Input records ::
......
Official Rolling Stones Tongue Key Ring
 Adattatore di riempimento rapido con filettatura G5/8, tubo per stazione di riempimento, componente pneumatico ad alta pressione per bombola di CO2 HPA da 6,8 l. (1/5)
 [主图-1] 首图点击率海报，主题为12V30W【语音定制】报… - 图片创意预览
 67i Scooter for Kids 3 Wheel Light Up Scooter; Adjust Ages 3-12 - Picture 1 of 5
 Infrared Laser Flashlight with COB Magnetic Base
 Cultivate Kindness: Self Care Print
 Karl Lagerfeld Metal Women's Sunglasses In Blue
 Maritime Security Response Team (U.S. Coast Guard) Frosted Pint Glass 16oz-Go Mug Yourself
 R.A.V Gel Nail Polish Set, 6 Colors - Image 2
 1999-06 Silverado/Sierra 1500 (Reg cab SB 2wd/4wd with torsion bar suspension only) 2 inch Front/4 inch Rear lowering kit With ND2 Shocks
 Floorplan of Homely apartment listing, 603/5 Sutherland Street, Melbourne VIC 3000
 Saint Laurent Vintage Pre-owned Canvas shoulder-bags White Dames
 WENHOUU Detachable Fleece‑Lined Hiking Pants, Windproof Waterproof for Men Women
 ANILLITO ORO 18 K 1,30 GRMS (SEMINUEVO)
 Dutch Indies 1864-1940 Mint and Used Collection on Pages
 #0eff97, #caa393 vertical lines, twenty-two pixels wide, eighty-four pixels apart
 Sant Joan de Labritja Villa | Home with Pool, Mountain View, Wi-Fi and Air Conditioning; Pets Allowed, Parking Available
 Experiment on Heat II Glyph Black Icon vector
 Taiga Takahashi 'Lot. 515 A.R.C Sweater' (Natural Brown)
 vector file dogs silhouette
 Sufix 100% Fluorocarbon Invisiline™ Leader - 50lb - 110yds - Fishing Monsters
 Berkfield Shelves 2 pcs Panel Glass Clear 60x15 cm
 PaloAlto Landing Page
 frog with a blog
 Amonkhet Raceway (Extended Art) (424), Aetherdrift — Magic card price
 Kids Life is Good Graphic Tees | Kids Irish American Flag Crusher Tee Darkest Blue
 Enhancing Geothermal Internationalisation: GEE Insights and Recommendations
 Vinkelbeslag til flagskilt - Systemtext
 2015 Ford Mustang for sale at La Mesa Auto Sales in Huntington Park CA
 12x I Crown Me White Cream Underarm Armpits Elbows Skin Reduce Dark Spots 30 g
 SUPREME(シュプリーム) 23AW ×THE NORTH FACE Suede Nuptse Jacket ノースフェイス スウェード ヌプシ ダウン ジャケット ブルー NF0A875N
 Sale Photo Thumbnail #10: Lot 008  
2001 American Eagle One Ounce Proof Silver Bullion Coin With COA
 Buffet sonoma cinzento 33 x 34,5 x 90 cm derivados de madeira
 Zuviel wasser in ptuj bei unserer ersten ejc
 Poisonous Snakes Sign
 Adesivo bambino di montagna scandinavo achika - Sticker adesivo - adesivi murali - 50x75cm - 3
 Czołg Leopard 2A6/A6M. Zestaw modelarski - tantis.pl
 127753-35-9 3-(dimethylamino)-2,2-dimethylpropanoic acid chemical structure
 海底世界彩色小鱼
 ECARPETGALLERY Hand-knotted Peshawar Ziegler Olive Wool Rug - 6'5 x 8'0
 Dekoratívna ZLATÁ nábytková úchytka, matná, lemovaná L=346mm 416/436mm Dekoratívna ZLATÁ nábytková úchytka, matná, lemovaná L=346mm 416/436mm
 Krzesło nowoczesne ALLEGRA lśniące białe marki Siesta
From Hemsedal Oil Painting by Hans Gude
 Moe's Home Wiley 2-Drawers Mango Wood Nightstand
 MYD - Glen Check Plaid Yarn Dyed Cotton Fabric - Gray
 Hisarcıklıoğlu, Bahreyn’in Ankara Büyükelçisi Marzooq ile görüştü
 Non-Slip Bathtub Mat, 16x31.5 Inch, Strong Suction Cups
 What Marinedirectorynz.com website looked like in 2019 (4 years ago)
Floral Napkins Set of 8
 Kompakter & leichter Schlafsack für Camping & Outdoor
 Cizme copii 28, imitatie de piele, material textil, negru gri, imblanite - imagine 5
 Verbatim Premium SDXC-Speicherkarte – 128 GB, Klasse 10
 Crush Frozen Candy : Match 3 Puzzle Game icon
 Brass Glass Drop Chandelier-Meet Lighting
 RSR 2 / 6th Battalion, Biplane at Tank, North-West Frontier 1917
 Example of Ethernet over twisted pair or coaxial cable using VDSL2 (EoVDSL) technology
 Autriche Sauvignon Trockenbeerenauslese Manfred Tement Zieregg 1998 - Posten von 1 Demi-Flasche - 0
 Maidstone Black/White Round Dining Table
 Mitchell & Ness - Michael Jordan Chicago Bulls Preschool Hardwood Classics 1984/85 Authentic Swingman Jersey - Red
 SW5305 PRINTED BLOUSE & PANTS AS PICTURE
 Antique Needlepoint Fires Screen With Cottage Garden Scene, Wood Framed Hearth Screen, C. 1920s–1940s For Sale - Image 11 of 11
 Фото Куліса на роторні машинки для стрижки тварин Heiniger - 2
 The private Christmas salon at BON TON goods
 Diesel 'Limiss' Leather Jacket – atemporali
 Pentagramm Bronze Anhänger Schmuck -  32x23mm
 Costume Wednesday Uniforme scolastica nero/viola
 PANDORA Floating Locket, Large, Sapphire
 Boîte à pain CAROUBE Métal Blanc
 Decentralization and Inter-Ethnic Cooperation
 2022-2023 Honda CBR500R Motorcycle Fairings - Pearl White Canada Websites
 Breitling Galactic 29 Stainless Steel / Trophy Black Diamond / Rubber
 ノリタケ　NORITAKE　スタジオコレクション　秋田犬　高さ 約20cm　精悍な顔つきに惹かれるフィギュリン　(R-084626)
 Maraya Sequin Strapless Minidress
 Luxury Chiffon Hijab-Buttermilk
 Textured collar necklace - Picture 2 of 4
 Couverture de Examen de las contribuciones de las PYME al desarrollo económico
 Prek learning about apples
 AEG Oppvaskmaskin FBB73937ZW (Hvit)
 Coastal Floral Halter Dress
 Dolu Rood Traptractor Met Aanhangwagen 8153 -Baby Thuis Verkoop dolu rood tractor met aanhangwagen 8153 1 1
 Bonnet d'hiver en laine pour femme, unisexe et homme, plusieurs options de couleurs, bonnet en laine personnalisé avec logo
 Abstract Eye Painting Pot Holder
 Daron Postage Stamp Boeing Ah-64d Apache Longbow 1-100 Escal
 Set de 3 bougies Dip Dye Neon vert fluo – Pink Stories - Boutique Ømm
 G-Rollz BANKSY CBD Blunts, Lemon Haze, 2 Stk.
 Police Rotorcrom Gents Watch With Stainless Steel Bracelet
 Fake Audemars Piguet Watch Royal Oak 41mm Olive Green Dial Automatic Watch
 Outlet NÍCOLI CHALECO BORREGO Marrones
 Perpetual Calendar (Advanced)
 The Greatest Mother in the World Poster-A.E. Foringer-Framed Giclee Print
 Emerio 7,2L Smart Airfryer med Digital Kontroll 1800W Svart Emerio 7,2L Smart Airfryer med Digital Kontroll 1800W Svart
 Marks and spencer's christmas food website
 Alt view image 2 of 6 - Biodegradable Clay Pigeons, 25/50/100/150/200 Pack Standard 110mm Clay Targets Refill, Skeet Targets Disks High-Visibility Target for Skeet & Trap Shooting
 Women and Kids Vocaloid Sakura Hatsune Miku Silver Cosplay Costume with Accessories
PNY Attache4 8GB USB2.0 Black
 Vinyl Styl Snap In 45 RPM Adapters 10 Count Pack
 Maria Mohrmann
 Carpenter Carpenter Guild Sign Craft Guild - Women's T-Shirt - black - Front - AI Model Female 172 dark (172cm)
......
Lines from the one with "Prek learning about apples" through the last line of the listing above: return these exactly, and nothing else.

Output for this task ::
 Prek learning about apples
 AEG Oppvaskmaskin FBB73937ZW (Hvit)
 Coastal Floral Halter Dress
 Dolu Rood Traptractor Met Aanhangwagen 8153 -Baby Thuis Verkoop dolu rood tractor met aanhangwagen 8153 1 1
 Bonnet d'hiver en laine pour femme, unisexe et homme, plusieurs options de couleurs, bonnet en laine personnalisé avec logo
 Abstract Eye Painting Pot Holder
 Daron Postage Stamp Boeing Ah-64d Apache Longbow 1-100 Escal
 Set de 3 bougies Dip Dye Neon vert fluo – Pink Stories - Boutique Ømm
 G-Rollz BANKSY CBD Blunts, Lemon Haze, 2 Stk.
 Police Rotorcrom Gents Watch With Stainless Steel Bracelet
 Fake Audemars Piguet Watch Royal Oak 41mm Olive Green Dial Automatic Watch
 Outlet NÍCOLI CHALECO BORREGO Marrones
 Perpetual Calendar (Advanced)
 The Greatest Mother in the World Poster-A.E. Foringer-Framed Giclee Print
 Emerio 7,2L Smart Airfryer med Digital Kontroll 1800W Svart Emerio 7,2L Smart Airfryer med Digital Kontroll 1800W Svart
 Marks and spencer's christmas food website
 Alt view image 2 of 6 - Biodegradable Clay Pigeons, 25/50/100/150/200 Pack Standard 110mm Clay Targets Refill, Skeet Targets Disks High-Visibility Target for Skeet & Trap Shooting
 Women and Kids Vocaloid Sakura Hatsune Miku Silver Cosplay Costume with Accessories
PNY Attache4 8GB USB2.0 Black
 Vinyl Styl Snap In 45 RPM Adapters 10 Count Pack
 Maria Mohrmann
 Carpenter Carpenter Guild Sign Craft Guild - Women's T-Shirt - black - Front - AI Model Female 172 dark (172cm)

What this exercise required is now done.